At stake is an $11 billion award — a sum close to a third of the country’s foreign exchange reserves. An arbitration tribunal in London ruled in 2017 that Nigeria must pay $6.6 billion, which has ballooned with interest, to a company called Process and Industrial Developments (P&ID). Nigeria was adjudged to have breached a contract, awarded to P&ID in 2010 by the country’s petroleum ministry, for the construction of a gas processing plant in the southeastern city of Calabar that was never built.
Nigeria refused to pay the award and tried to get it overturned in a six-week trial this year at the English High Court during which it argued P&ID made unlawful payments to Nigerian officials to secure the original contract. The hedge fund that bought a controlling stake in P&ID, VR Capital, directed the company to argue in court that the payments were legal.
But VR Capital is arguing in a separate lawsuit that P&ID’s payments to Nigerian officials did in fact break the law, and is using that as a basis to sue the business partners it bought its stake in the company from. “Regardless of whether or not these payments were made for corrupt purposes, they were unlawful,” a division of VR Capital wrote in May 2021 in a confidential London Court of International Arbitration filing seen by Semafor Africa. “As a matter of Nigerian law, any undisclosed payments to a public official by someone seeking a government contract is prima facie unlawful.”
The payments VR Capital calls “unlawful” in its May 2021 filing are those made by companies linked to P&ID to Grace Taiga and Taofiq Tijani, two petroleum ministry officials around the time the gas contract was signed. Taiga denies any illegality. Tijani said in an affidavit before he died in 2021 that he had been bribed by P&ID.
Details of the previously confidential case between the P&ID shareholders emerged because Nigeria is seeking documents from various VR Capital companies in the U.S. The filing came to light in New York in December following a two-year long disclosure battle between the two parties.
VR Capital is “cynically pursuing” vast damages from Nigeria in open court while alleging behind closed doors that Nigeria was indeed wronged by P&ID, barrister Mark Howard, representing Nigeria, told the High Court. “The doublethink behind this position is impossible to justify,” the government added, describing the approach as “thoroughly dishonorable.”
Know More
P&ID was set up in 2006 by two Irish businessmen — Michael Quinn, a former music manager, and his business partner since the 1970s, Brendan Cahill.
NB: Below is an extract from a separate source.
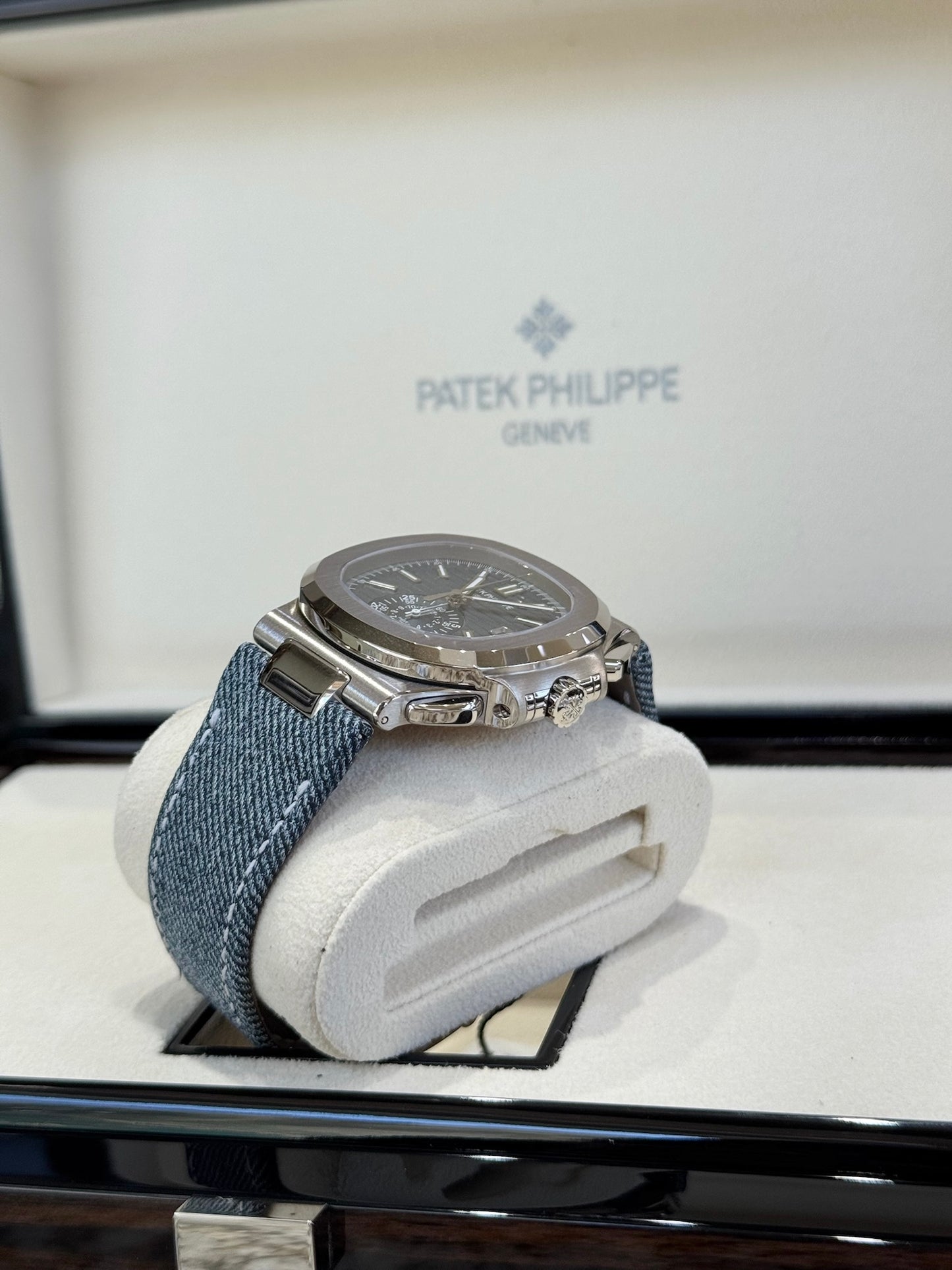 2025 Patek Philippe Nautilus 5980/60G-001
The company is registered in the British Virgin Islands. Quinn died in 2015 and Cahill has repeatedly denied that P&ID paid any bribes.
The company was taken over by VR Capital, a hedge fund registered in the Cayman Islands which has offices in both London and New York, following its 2017 arbitration victory over Nigeria.
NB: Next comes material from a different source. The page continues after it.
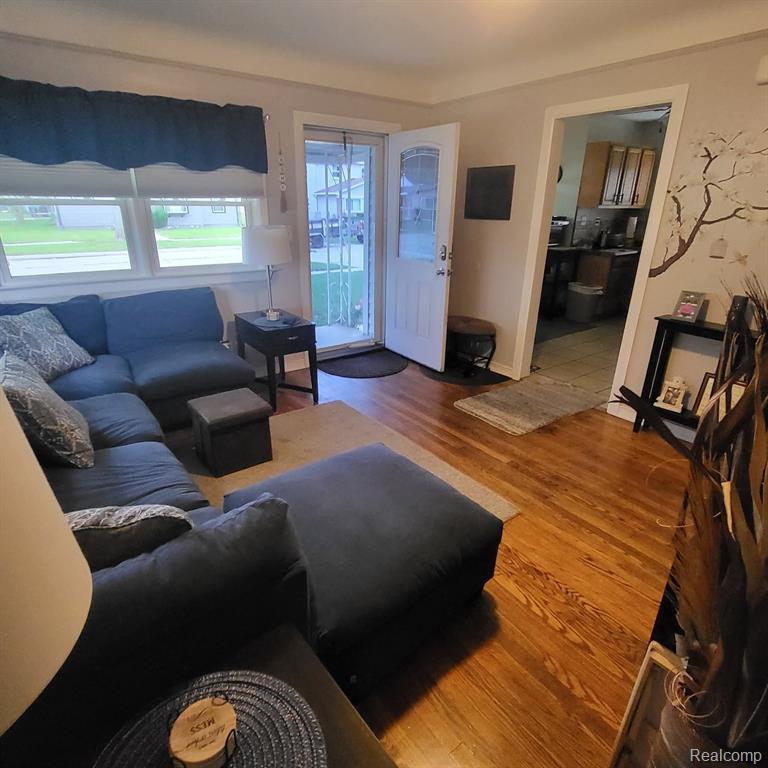 8008 Elm Street, Taylor, MI 48180 — Photo 8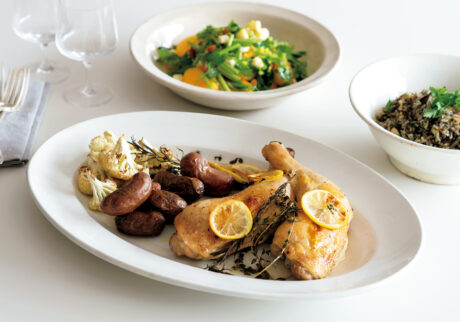 渡辺有子の料理教室 骨付きモモ肉は、オーブンで焼くことで余分な油が落ちて、皮がパリッと仕上がる。オーバル皿に盛り付けると、よりご馳走らしさが増す。 | 骨付きモモ肉は、オーブンで焼くことで余分な油が落ちて、皮がパリッと仕上がる。オーバル皿に盛り付けると、よりご馳走らしさが増す。 渡辺有子の料理教室 骨付きモモ肉は、オーブンで焼くことで余分な油が落ちて、皮がパリッと仕上がる。オーバル皿に盛り付けると、よりご馳走らしさが増す。 | 骨付きモモ肉は、オーブンで焼くことで余分な油が落ちて、皮がパリッと仕上がる。オーバル皿に盛り付けると、よりご馳走らしさが増す。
The High Court is expected to make a ruling within weeks on Nigeria’s attempt to nullify the $11 billion payment.
Olivier’s view
The case could have far reaching consequences in Africa’s biggest economy. A ruling that the country must pay $11 billion would be a major blow for the country’s president-elect Bola Tinubu, who is due to take office in May. It would be a huge chunk of the public purse, diverting funds away from essential public services, such as healthcare and education. Crucially, it’s nearly a third of the import-dependent economy’s foreign reserves, which stand at around $37 billion.
Nigeria’s reserves are already dwindling, largely due to a fall in oil production since crude sales bring in the bulk of foreign exchange. At the same time, U.S. Federal Reserve interest rate rises have pushed up the cost of servicing dollar-denominated loans. Other African countries, such as Ethiopia and Kenya, are already struggling with dwindling foreign exchange reserves.
It makes sense that VR Capital would seek to recoup its investment in P&ID, including through litigation, if the High Court found that P&ID had acted unlawfully. But it speaks to a level of cynicism that the hedge fund can simultaneously argue that P&ID was lawful and that it was not — possibly under the presumption that its confidential pleading would never come to light.
Room for Disagreement
At the High Court, P&ID’s barrister David Wolfson defended the conflicting pleadings, arguing that the fund owed it to its investors to pursue every avenue to recover its investment in P&ID, whether through enforcement of the award or through separate litigation if P&ID broke the law.
“It is right that VR has sought to hedge its position,” Wolfson told the High Court. “That’s what investors do.”
The View From Abuja
The gas processing plant was “extremely unusual as a proposed project,” said Fola Fagbule, deputy director and head of financial advisory services at Africa Finance Corporation, a multilateral lender focused on infrastructure projects on the continent. He said it was odd “in every respect, not least in terms of the lack of due process, proper diligence, transparency and project development that would typically be required prior to contract award for a project of that scale.”
Fagbule said it would be “catastrophic” if Nigeria was required to pay $11 billion. “It’s a sum that is staggeringly out of proportion to anything Nigeria can afford and certainly not for a scam project,” he said.
P&ID denies that the gas project was a scam.
Notable
- The secrecy that shrouds international arbitration cases is a key factor in the dispute between P&ID and Nigeria and should be reviewed, a legal expert tells the UK’s Observer newspaper as it charts the more than decade-long saga.